Une mission prioritaire
La conservation et la restauration du patrimoine culturel constituent une mission fondamentale du MINAC. Face aux menaces naturelles (climat tropical, termites, inondations), aux pressions urbaines et au vieillissement des structures, le ministère met en oeuvre des programmes de sauvegarde qui allient rigueur scientifique, respect de l'authenticité et implication des communautés locales.
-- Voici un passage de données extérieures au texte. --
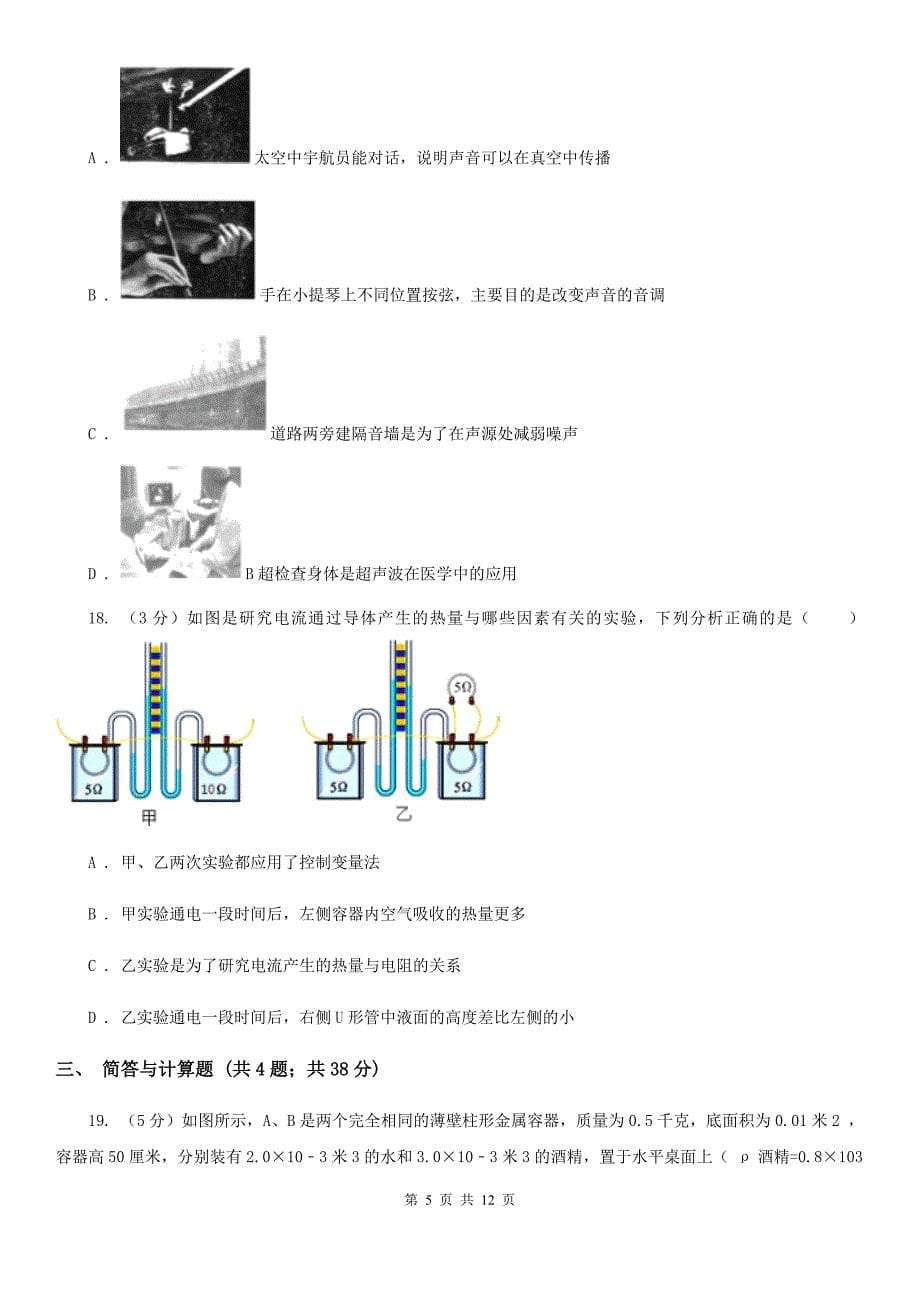 2020届苏科版中考物理六模试卷 D卷.doc_第5页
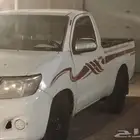 هيلكس مالك الاول. نظيف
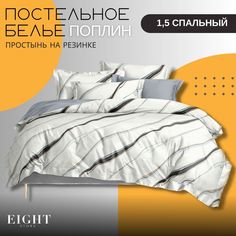 Комплект постельного белья Mency House 1.5 спальный поплин простыня на резинке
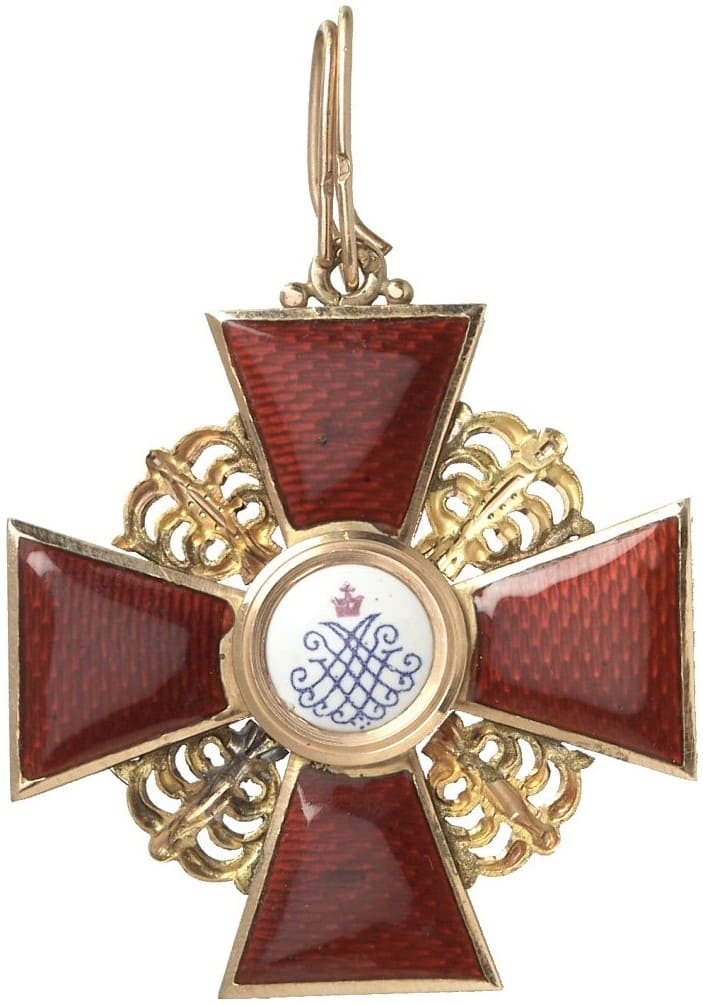 Der Orden  der Heiligen Anna Kreuz der 2. Klasse.jpg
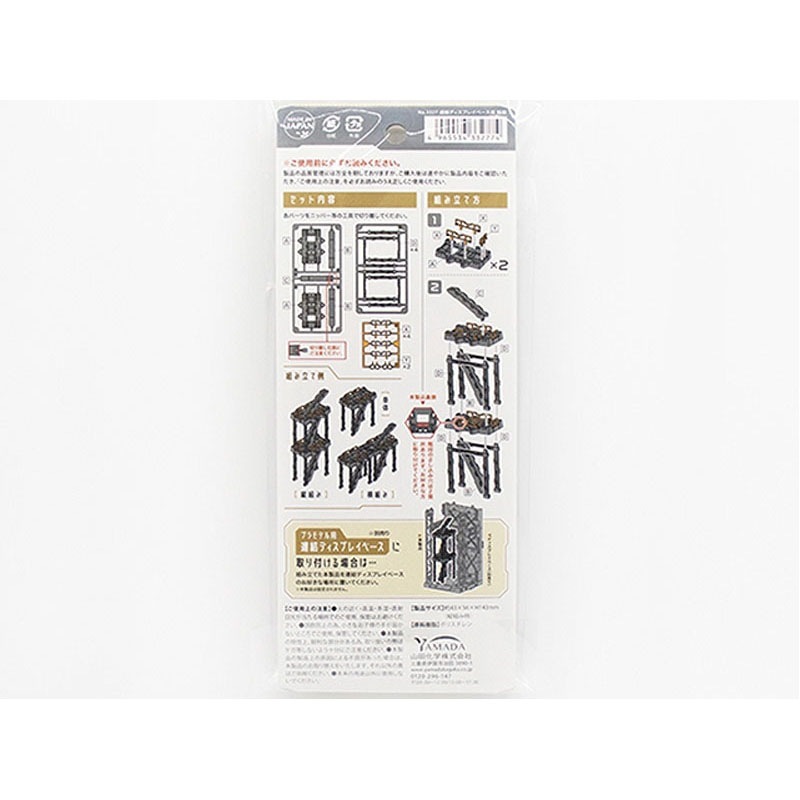 連結ディスプレイベース用 階段【公式】≪1個からお届け≫Can☆Do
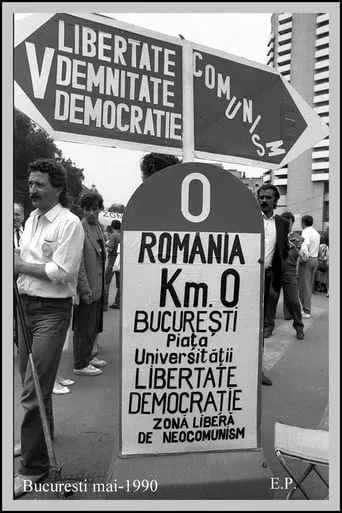 Piata Universitatii - Romania movie poster - Rated 6/10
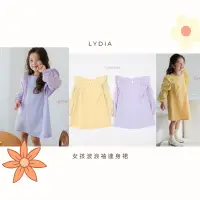 在飛比找蝦皮購物優惠-|預購| LYDIA 波浪格紋袖連身裙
L'approche camerounaise s'inscrit dans le cadre des conventions internationales auxquelles le pays a adhéré, notamment la Charte de Venise (1964) pour la conservation des monuments, la Convention du patrimoine mondial (1972) et le Document de Nara sur l'authenticité (1994), qui reconnaît la diversité des valeurs culturelles dans l'appréciation du patrimoine.
Projets en cours
Palais Royal de Foumban — Chantier phare
Le Palais Royal de Foumban, siège du Royaume Bamoun fondé au XIVe siècle, représente l'un des ensembles architecturaux les plus remarquables d'Afrique centrale. Le projet de conservation en cours, lancé en 2022, comprend :
- Diagnostic structurel : relevé architectural complet (photogrammétrie et scan 3D), analyse des pathologies (fissures, infiltrations, attaques biologiques)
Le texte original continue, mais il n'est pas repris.